Le sourire sarcastique du vieux « Dur-à-cuire » s’élargit :
— Mais je m’en occupe, cher monsieur ! Je ne fais même que cela !… et quelque chose me dit qu’il ne se passera rien après-demain !
— Écoutez ! rugit Aldo vert de rage. Pensez ce que vous voulez mais prenez au moins la peine de prévenir ma famille, au Trianon Palace ! Il s’agit de ma grand-tante, la marquise de Sommières, une dame âgée qui doit être dans la dernière inquiétude…
— Bah ! Ça ne durera pas.
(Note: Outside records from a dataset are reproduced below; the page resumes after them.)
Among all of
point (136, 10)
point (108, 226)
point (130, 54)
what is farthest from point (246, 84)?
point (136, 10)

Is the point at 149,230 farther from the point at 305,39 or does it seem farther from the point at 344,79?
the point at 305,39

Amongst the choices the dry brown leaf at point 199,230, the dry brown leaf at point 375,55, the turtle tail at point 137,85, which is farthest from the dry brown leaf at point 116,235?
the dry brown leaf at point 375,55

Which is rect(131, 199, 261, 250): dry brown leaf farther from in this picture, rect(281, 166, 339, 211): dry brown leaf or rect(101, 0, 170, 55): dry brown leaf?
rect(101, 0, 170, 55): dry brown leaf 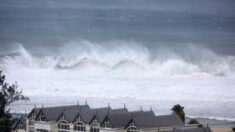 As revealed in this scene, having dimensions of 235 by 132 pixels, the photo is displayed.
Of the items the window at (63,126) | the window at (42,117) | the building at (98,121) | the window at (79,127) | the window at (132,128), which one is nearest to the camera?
the window at (132,128)

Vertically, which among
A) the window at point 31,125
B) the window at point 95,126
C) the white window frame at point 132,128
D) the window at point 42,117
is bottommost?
the white window frame at point 132,128

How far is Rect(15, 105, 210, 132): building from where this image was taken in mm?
42406

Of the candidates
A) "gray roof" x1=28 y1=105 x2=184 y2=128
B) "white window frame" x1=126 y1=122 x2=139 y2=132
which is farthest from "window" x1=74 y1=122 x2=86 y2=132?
"white window frame" x1=126 y1=122 x2=139 y2=132

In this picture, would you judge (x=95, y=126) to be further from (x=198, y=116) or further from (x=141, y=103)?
(x=141, y=103)

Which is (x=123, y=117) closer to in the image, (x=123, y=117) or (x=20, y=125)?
(x=123, y=117)

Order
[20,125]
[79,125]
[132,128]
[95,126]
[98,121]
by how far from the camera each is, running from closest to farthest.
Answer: [132,128] < [98,121] < [95,126] < [79,125] < [20,125]

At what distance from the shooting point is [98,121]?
148 feet

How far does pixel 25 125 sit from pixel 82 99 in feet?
85.8

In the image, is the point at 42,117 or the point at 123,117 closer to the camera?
the point at 123,117

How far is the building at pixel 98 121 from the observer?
42406 mm

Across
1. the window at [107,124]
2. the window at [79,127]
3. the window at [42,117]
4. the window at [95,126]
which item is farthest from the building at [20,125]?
the window at [107,124]

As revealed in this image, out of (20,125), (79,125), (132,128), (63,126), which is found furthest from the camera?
(20,125)

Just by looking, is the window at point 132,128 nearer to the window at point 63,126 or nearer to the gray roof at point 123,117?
the gray roof at point 123,117

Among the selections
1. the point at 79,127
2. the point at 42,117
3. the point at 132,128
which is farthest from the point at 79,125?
the point at 132,128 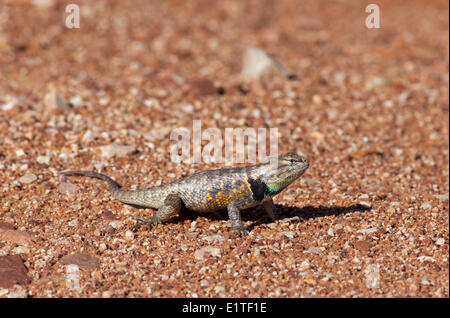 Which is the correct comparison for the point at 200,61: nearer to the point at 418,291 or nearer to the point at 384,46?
the point at 384,46

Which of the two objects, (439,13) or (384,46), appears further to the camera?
(439,13)

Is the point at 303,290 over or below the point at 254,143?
below

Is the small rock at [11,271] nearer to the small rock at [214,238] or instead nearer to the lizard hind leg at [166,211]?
the lizard hind leg at [166,211]

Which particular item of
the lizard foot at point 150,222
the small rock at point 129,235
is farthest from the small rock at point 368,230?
the small rock at point 129,235

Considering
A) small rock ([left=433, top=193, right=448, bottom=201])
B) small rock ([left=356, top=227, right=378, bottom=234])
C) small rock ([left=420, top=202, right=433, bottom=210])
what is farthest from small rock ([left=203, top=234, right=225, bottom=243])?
small rock ([left=433, top=193, right=448, bottom=201])

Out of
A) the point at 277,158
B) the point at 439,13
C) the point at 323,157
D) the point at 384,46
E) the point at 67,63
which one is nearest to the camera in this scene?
the point at 277,158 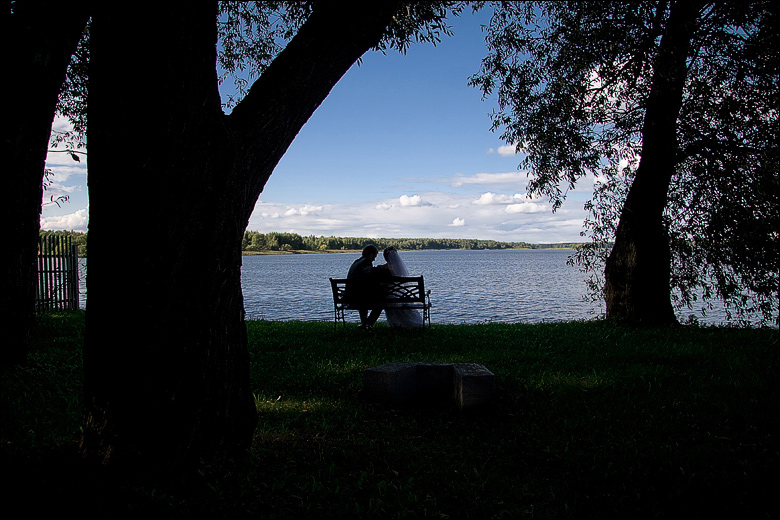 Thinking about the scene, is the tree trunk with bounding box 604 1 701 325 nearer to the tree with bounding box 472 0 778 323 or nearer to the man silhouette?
the tree with bounding box 472 0 778 323

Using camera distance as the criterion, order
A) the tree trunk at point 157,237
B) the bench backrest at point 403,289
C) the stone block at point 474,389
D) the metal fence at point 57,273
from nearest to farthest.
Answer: the tree trunk at point 157,237 → the stone block at point 474,389 → the bench backrest at point 403,289 → the metal fence at point 57,273

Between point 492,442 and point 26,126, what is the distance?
19.5 ft

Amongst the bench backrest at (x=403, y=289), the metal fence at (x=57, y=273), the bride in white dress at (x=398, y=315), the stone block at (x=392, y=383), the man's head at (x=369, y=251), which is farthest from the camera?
the metal fence at (x=57, y=273)

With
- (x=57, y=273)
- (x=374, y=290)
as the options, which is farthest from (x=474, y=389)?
(x=57, y=273)

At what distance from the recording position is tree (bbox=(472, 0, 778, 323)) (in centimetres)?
1079

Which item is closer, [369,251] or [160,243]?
[160,243]

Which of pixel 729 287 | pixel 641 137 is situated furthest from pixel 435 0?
pixel 729 287

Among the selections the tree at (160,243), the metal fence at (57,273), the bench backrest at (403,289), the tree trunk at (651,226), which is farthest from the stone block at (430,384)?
the metal fence at (57,273)

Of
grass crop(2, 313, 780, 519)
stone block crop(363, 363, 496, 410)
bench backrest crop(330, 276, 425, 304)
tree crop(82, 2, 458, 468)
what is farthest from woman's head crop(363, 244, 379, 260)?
tree crop(82, 2, 458, 468)

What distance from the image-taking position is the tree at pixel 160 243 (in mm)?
3488

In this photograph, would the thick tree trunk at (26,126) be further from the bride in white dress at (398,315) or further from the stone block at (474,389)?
the bride in white dress at (398,315)

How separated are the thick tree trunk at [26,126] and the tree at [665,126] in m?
8.21

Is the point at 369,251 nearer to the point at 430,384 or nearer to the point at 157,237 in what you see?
the point at 430,384

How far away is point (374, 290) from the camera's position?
1078 centimetres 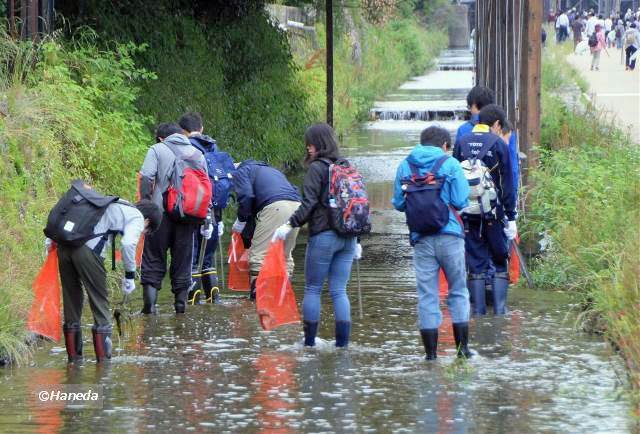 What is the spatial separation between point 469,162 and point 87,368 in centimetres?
353

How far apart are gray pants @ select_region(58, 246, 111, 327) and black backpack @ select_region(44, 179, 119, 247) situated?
0.11 meters

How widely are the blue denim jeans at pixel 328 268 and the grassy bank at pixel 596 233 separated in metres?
1.88

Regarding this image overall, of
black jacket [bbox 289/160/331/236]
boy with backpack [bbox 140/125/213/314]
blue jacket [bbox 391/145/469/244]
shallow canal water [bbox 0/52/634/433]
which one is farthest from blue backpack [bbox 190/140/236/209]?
blue jacket [bbox 391/145/469/244]

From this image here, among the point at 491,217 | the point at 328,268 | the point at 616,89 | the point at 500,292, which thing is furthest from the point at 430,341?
the point at 616,89

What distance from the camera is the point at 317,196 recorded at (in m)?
9.27

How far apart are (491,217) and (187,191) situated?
2.55 metres

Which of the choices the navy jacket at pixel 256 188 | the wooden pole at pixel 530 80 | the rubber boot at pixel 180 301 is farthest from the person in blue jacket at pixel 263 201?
the wooden pole at pixel 530 80

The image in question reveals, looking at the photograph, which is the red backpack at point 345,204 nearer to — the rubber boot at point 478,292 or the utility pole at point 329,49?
the rubber boot at point 478,292

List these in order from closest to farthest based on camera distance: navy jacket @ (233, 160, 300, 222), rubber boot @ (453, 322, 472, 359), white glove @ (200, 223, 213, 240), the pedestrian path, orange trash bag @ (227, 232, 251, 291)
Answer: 1. rubber boot @ (453, 322, 472, 359)
2. navy jacket @ (233, 160, 300, 222)
3. white glove @ (200, 223, 213, 240)
4. orange trash bag @ (227, 232, 251, 291)
5. the pedestrian path

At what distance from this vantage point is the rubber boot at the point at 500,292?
10898mm

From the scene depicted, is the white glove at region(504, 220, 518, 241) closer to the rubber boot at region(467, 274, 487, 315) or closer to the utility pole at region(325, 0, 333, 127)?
the rubber boot at region(467, 274, 487, 315)

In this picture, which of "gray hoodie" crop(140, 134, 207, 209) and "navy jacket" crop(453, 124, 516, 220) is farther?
"gray hoodie" crop(140, 134, 207, 209)

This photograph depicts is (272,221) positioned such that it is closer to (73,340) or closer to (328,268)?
(328,268)

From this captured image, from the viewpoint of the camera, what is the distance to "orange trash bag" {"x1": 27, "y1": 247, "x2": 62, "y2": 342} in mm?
9102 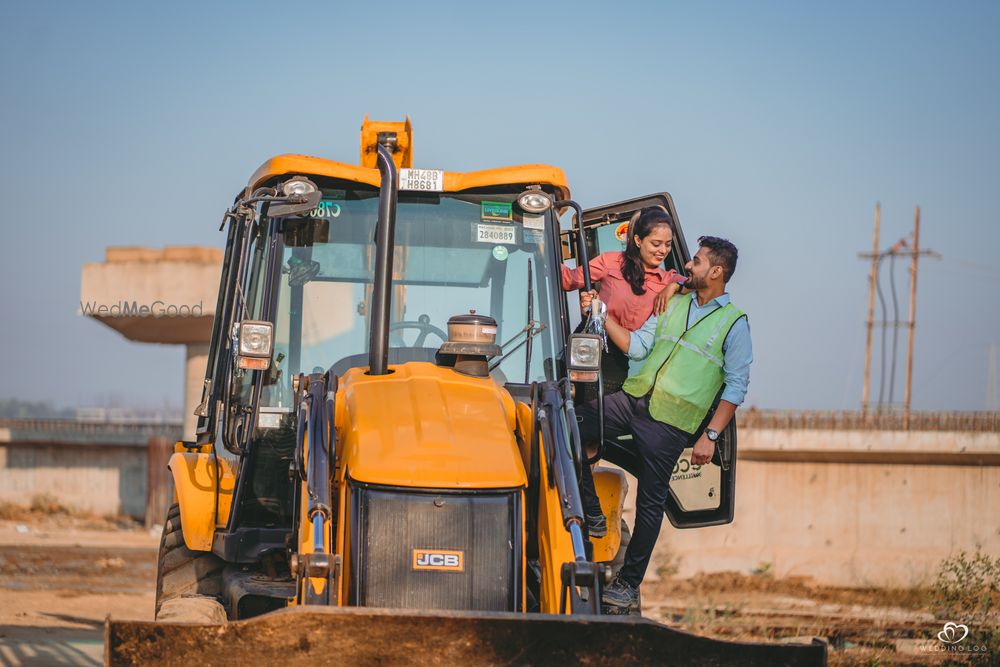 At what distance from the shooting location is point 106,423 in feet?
88.7

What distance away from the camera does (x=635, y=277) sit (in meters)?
6.45

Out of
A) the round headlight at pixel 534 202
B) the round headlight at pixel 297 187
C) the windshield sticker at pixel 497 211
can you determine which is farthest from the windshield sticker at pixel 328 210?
the round headlight at pixel 534 202

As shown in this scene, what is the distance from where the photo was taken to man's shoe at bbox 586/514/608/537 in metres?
5.72

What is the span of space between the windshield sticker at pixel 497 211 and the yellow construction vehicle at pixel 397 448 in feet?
0.04

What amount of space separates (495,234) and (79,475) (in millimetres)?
18901

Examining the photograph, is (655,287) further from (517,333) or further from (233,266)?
(233,266)

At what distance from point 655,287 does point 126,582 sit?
11.0 m

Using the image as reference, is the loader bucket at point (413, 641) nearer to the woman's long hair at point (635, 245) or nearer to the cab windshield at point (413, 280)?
the cab windshield at point (413, 280)

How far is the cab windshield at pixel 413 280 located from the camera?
6059mm

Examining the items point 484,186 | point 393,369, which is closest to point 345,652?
point 393,369

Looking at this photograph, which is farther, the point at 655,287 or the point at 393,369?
the point at 655,287

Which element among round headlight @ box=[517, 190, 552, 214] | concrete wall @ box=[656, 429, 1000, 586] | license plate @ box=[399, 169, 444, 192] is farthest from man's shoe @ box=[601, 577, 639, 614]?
concrete wall @ box=[656, 429, 1000, 586]

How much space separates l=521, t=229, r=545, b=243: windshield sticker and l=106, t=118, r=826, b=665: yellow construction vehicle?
1 centimetres

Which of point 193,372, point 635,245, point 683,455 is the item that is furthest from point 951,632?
point 193,372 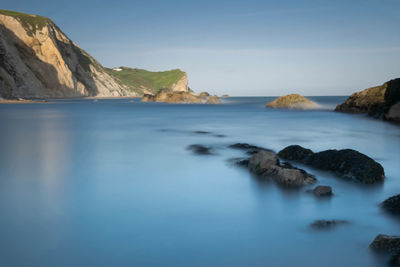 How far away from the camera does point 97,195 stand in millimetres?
5676

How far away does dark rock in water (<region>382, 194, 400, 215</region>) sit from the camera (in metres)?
4.44

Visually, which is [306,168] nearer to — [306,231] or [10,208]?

Dès demain les journaux la renseigneront !
Sur ce il leur tourna le dos et quitta la pièce !
— Seigneur ! exhala Adalbert, que vous avons-nous fait pour que vous nous ayez livrés aux caprices de ce sinistre imbécile… et de cette petite garce ?
— Il y a quelque chose qui ne colle pas, fit Aldo après un instant de réflexion. Souviens-toi de ce qu’a dit Langlois : Lemercier n’est pas un imbécile. Ce serait même un bon policier.
— Pourquoi alors se conduit-il comme s’il l’était ?
— Ça l’arrange peut-être… Et je me demande s’il ne m’a pas pris en grippe dès notre première rencontre ?
— Il serait insensible à ton célèbre charme ?
— C’est peu dire : il ne peut pas m’encaisser, voilà la vérité ! Quant à « elle », je ne crois pas non plus que ce soit une garce. Cette nuit elle était sur le point de nous faire confiance quand quelque chose l’a effrayée. En un mot elle a eu peur. Reste à savoir de quoi ? Tu n’aurais pas une cigarette ?
— Tu fumes trop ! répondit Adalbert en lui tendant son étui sans autre commentaire. Il n’aimait pas beaucoup le ton, indulgent, à la limite de l’admiration, dont Aldo venait d’user pour évoquer la jeune Caroline. Il avait dit « elle » comme si elle était unique. Or il connaissait bien son ami et il ne manquerait plus que, déçu par Lisa qui lui préférait momentanément son bébé, il tombe amoureux de cette fille – ravissante, il l’admettait ! – mais qui ne lui inspirait guère confiance. Adalbert n’aimait pas que l’on fasse fi d’une aide qu’il offrait toujours de grand cœur.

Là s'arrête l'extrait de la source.